This exercise asks for a copy of each line in the records below with the word "Causes" in it.
(INPUT)
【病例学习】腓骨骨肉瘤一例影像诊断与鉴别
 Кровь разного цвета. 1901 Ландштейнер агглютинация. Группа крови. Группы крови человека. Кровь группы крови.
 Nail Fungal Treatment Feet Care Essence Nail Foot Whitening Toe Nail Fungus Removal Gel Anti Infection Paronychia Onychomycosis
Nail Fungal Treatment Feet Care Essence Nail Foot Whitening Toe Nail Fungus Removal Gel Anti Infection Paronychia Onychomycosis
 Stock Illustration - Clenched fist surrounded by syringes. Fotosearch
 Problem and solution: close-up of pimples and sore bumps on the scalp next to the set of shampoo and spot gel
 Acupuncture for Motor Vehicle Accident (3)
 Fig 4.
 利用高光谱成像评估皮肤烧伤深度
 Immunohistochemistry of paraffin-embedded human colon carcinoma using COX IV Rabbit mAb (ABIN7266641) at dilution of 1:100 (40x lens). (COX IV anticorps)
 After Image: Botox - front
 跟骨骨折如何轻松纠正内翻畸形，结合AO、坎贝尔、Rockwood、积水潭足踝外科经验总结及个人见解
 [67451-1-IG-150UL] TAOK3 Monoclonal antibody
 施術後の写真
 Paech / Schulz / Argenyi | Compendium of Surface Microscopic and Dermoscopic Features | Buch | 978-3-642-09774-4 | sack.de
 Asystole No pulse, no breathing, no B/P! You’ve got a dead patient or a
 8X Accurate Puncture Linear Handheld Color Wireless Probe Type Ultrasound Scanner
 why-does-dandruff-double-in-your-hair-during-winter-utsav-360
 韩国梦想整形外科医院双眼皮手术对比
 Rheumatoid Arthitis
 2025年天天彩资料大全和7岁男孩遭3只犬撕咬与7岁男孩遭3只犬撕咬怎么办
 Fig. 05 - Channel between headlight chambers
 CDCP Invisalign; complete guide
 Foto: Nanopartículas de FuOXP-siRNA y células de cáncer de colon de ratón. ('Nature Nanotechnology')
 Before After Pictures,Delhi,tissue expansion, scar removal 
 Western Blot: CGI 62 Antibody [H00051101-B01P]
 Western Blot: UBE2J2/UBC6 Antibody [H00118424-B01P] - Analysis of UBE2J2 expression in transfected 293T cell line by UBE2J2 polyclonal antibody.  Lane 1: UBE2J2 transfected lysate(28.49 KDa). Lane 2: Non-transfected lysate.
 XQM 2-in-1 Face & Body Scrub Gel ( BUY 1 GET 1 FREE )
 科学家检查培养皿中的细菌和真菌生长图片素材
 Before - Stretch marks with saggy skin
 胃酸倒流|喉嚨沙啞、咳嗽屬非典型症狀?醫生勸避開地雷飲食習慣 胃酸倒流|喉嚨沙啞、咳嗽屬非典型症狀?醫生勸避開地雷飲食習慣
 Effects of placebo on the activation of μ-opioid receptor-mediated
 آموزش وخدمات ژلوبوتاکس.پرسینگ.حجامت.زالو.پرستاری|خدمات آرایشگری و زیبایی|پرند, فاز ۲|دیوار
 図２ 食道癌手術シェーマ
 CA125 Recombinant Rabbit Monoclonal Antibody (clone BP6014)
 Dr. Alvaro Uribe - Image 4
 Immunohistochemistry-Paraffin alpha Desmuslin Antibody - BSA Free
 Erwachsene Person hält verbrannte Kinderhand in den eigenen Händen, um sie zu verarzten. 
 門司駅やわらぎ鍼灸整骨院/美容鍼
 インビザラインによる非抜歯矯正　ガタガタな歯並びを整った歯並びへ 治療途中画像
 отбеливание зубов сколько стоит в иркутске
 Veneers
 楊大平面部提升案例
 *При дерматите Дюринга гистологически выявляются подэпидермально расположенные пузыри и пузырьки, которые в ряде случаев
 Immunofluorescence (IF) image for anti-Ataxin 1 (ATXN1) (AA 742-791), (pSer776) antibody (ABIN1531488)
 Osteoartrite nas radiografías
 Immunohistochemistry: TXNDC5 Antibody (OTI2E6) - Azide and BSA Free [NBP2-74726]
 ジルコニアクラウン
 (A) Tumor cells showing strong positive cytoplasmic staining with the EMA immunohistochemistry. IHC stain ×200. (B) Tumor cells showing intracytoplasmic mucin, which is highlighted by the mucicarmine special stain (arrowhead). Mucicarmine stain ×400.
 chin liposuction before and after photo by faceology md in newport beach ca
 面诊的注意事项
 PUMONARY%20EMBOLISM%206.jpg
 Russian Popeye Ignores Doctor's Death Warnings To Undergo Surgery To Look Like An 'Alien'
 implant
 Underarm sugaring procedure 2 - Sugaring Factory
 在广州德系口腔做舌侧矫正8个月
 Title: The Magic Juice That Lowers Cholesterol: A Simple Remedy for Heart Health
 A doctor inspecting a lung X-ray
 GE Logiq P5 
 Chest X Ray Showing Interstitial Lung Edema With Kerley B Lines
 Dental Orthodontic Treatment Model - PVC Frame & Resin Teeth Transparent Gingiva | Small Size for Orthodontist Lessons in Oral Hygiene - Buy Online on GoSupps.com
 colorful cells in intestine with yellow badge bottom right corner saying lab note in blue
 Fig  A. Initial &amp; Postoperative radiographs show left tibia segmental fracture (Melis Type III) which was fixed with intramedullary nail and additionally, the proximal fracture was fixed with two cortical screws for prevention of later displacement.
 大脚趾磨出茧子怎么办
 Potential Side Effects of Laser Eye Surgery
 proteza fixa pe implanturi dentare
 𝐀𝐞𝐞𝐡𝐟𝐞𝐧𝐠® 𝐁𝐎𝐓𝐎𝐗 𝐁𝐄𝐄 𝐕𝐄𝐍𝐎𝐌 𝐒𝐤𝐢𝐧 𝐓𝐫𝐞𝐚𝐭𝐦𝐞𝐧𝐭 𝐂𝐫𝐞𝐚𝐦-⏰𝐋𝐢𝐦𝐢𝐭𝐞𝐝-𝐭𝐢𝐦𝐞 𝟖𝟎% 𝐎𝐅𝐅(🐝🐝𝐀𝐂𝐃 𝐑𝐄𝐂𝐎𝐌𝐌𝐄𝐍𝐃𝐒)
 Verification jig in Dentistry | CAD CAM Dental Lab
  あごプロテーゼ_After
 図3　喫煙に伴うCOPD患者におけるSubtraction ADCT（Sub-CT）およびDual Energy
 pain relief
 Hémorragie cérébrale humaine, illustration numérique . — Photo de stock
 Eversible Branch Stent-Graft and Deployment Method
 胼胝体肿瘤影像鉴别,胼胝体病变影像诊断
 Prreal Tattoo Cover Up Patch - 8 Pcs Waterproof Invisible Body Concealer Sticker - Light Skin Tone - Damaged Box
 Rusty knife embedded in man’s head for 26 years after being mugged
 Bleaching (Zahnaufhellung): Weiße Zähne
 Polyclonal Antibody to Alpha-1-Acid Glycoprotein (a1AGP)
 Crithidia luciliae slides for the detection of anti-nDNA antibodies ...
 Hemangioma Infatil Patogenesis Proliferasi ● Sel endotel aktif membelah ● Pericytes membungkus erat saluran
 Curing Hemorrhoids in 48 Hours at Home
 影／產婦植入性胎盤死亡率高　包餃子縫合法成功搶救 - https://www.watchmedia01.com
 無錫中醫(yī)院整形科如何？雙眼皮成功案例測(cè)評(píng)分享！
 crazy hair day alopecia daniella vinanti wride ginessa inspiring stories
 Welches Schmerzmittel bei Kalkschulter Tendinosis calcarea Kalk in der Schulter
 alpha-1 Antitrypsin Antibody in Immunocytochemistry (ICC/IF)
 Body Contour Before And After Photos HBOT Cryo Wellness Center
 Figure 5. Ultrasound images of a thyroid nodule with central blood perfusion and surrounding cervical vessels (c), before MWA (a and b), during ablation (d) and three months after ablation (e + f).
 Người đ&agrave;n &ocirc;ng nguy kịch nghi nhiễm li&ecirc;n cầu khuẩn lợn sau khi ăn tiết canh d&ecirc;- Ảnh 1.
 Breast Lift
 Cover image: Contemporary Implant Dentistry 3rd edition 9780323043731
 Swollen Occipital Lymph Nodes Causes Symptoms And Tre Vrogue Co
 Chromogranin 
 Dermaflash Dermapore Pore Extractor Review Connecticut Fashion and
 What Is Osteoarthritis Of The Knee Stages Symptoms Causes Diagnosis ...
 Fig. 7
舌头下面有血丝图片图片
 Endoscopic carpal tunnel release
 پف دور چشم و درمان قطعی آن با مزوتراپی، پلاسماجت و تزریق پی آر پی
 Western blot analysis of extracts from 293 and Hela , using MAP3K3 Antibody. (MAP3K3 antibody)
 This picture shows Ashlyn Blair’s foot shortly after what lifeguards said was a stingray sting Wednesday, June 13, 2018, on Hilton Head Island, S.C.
(End INPUT)
▶ RESULT:
 Swollen Occipital Lymph Nodes Causes Symptoms And Tre Vrogue Co
 What Is Osteoarthritis Of The Knee Stages Symptoms Causes Diagnosis ...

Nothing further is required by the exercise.